Nate just said "One day, he(Batum) will be a starter in this league. He has that type of talent."


----------



## HAAK72 (Jun 18, 2007)

sabas4mvp said:


> Nope, Batum is one of the 14 other spots. The 15th spot is for Randolph, Tatum, Hill, Jackson, someone else or no one.


...oh ****! I am a disgrace [I knew that] At this point, no one still looks like the best option.


----------



## HispanicCausinPanic (Jul 2, 2005)

He has impressed me. I thought he would be in the D league all year. He's gonna; be a nice player.


----------



## Hectic (Sep 30, 2008)

I was not impressed with Batum during summer league, but he's more than made up for it during the preseason. He's going to get some minutes this year.


----------



## B-Roy (Feb 12, 2008)

It was Batum Shaka Laka.


----------



## YugoslavianMtnHound (Nov 6, 2007)

Hectic said:


> I was not impressed with Batum during summer league, but he's more than made up for it during the preseason. He's going to get some minutes this year.


It seems as thought Batum actually thrives in a structure environment. Summer league is glorified pick up ball.


----------



## alext42083 (Nov 7, 2003)

Man.. between Roy, Rudy and Batum -- all those guys just fill up the entire stat sheet and are all well-rounded players. Add Aldridge and Oden, and those five could be the future starting lineup of this team.

PG Roy
SG Rudy
SF Batum
PF Aldridge
C Oden

Houston, you got pritch-slapped!


----------



## NewAgeBaller (Jan 8, 2007)

Just to be clear, is his name pronounced Bu-toom?


----------



## sportsnut1975 (Jul 6, 2006)

I don't think Batum will see the D-League if he keeps playing like this.


----------



## sportsnut1975 (Jul 6, 2006)

alext42083 said:


> Man.. between Roy, Rudy and Batum -- all those guys just fill up the entire stat sheet and are all well-rounded players. Add Aldridge and Oden, and those five could be the future starting lineup of this team.
> 
> PG Roy
> SG Rudy
> ...


 That line up sounds good to me.
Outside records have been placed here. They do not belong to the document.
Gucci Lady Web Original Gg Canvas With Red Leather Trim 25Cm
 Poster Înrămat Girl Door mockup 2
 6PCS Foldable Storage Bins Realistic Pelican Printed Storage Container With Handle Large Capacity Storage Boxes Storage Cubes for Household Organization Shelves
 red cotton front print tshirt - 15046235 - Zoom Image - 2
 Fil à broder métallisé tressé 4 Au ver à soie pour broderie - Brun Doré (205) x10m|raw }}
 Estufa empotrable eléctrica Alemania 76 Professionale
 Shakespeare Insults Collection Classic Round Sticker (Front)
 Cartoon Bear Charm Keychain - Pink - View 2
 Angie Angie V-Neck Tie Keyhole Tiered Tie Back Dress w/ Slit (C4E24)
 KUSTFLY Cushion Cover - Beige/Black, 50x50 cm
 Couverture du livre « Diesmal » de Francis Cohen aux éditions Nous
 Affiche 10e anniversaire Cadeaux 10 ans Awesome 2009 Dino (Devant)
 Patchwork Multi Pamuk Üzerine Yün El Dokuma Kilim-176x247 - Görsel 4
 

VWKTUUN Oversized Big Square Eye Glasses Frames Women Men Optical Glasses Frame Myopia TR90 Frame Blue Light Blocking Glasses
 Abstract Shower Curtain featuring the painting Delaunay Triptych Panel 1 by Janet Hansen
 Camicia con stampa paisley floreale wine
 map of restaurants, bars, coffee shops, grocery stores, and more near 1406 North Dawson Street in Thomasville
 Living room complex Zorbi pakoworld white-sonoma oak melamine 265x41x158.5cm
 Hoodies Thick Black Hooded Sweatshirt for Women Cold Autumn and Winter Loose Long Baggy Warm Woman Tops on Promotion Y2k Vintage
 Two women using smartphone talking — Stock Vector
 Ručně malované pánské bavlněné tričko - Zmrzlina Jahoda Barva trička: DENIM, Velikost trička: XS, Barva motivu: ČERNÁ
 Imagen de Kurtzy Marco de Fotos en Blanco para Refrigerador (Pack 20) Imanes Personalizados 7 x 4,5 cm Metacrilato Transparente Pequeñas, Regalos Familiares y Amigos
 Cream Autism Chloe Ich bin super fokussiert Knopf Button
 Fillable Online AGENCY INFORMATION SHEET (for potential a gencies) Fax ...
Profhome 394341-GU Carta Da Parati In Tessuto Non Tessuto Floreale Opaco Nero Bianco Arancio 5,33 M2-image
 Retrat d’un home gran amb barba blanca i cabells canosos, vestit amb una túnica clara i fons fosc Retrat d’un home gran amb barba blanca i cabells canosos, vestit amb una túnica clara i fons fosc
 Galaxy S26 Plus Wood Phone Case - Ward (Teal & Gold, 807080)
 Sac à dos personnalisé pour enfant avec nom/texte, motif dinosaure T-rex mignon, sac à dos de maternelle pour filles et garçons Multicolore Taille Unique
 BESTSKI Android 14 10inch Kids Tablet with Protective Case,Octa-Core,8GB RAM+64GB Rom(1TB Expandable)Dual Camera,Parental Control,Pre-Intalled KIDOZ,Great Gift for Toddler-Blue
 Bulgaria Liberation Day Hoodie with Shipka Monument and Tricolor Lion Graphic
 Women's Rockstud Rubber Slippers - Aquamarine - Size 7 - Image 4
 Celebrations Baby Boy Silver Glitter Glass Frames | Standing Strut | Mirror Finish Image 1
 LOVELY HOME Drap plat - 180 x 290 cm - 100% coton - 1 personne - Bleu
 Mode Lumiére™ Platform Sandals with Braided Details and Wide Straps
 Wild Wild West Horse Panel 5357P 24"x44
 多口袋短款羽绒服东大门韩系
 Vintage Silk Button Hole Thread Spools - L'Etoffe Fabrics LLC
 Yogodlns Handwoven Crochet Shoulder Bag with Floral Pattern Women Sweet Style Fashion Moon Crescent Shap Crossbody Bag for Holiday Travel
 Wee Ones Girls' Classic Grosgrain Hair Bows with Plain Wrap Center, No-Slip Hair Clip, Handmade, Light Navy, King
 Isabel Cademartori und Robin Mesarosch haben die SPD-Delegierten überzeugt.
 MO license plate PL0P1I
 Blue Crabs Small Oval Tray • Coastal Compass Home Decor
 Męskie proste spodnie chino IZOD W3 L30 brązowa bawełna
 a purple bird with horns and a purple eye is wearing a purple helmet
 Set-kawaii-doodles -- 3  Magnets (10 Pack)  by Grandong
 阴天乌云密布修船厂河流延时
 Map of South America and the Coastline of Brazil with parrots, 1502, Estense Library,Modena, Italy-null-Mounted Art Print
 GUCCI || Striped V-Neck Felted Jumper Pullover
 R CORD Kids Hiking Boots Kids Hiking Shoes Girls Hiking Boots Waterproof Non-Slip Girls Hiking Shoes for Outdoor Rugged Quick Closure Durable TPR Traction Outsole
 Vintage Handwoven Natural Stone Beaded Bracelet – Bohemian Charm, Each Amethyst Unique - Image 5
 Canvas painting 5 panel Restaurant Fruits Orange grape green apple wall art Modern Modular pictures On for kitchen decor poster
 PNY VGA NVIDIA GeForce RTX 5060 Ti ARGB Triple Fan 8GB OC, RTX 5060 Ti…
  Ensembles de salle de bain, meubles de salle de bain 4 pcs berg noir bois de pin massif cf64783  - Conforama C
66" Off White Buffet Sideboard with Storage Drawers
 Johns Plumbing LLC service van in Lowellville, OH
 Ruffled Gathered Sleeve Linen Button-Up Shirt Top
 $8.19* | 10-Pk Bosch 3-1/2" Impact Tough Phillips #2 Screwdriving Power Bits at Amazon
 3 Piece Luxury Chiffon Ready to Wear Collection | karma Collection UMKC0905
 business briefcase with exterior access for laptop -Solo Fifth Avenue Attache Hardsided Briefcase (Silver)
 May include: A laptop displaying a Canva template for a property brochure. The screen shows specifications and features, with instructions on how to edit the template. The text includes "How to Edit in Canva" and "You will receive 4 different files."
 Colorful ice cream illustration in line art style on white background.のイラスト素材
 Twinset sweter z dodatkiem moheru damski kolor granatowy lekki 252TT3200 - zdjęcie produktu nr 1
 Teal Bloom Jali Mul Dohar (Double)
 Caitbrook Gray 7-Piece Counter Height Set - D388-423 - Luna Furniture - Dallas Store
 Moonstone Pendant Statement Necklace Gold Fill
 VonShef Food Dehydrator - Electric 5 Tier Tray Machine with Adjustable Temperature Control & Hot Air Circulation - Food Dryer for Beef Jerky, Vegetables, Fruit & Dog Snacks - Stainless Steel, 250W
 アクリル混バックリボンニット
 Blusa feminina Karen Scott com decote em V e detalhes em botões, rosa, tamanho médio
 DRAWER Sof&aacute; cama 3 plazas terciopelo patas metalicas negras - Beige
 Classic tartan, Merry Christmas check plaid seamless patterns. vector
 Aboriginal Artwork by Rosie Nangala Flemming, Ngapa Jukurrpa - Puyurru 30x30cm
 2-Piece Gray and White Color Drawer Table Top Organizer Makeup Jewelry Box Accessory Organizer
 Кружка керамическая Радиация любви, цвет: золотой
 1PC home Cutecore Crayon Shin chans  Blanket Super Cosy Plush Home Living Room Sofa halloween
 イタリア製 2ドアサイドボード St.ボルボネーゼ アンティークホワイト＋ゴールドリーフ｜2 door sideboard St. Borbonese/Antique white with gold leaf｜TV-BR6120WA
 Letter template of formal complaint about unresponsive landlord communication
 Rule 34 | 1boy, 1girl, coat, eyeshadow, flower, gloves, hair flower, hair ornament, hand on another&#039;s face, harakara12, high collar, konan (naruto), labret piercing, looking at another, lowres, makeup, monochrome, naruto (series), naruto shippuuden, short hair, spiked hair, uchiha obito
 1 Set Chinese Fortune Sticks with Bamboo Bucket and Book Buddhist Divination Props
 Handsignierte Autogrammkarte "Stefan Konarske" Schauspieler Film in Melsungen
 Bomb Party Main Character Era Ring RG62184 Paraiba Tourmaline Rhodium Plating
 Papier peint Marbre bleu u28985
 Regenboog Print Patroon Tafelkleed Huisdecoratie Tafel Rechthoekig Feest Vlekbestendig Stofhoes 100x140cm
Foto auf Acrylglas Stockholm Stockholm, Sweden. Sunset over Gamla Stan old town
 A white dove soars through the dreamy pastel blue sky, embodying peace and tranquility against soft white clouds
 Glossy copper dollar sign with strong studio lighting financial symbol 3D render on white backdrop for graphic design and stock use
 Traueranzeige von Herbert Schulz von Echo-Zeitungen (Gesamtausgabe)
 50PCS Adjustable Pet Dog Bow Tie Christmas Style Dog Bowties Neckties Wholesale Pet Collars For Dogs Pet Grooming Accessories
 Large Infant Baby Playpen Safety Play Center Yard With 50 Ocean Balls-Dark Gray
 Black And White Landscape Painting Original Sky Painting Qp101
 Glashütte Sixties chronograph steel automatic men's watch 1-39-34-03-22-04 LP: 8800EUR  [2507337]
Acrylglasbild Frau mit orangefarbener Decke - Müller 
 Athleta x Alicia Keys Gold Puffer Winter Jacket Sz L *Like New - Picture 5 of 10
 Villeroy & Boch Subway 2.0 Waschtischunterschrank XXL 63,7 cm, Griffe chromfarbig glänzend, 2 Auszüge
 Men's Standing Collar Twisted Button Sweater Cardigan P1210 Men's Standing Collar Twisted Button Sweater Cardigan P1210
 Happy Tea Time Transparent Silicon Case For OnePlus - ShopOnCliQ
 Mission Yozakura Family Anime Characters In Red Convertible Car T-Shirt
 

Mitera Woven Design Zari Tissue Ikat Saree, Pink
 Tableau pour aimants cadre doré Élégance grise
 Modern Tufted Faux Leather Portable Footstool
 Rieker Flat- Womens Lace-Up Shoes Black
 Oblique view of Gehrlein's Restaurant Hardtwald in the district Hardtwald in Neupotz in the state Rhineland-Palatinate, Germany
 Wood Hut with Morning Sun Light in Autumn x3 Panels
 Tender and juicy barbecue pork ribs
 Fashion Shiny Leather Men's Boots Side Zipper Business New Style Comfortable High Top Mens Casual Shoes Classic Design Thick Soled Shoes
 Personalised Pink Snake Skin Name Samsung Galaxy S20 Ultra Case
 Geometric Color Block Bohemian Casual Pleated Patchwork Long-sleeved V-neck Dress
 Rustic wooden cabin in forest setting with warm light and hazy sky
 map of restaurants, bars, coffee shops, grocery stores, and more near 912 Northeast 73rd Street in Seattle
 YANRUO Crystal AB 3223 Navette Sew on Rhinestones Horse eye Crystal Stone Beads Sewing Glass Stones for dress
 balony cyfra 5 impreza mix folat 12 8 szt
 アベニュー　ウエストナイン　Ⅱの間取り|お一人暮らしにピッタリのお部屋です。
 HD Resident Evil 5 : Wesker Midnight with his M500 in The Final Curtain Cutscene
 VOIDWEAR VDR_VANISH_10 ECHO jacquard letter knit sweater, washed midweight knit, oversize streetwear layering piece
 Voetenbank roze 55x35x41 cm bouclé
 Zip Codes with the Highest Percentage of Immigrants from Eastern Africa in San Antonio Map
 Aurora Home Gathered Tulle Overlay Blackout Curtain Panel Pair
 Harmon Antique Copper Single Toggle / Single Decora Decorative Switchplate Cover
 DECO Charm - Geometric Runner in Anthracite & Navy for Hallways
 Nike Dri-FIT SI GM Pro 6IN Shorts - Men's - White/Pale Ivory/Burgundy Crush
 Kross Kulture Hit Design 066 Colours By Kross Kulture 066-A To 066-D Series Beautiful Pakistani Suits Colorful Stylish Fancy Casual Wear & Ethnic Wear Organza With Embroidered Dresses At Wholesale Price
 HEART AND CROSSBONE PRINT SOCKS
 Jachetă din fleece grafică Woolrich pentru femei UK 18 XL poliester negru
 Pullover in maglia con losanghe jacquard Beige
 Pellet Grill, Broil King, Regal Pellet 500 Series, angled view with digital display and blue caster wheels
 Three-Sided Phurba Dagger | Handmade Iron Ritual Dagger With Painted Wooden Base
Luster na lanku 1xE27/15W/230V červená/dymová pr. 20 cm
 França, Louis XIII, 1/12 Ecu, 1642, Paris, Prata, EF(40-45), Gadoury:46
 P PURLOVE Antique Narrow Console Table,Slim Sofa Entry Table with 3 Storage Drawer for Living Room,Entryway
Travis is better off the bench anyways.


----------



## Rodolfo (Jun 20, 2008)

Bah-toom


----------



## Utherhimo (Feb 20, 2005)

sportsnut1975 said:


> That line up sounds good to me. Travis is better off the bench anyways.


if Batum starts over Outlaw....look for outlaw to request a trade.


----------



## Balian (Apr 11, 2008)

Utherhimo said:


> if Batum starts over Outlaw....look for outlaw to request a trade.


Granted.

Batum will blow up in a couple of years!

*BATUUUM KA KA BOOOOOOOOMM!!!!*


----------



## mathbzh (Oct 9, 2008)

As a french fan I am not surprised with Batum's rising. I don't think he improved that much since the summer league (even if he improved). IMO He just needed to adapt to the pace and athletic dimension of an NBA game and also to a new environment which is probably not easy for a young kid. 

People tend to look at Batum's Euroleague performance to evaluate his past season. They forgot that Batum also played in the French league (Pro A ) for Le Mans and that at only 19yo leading his team in minutes, points, assists and was third in rebound. Euroleague is just another level (tougher defense, more physical games...). 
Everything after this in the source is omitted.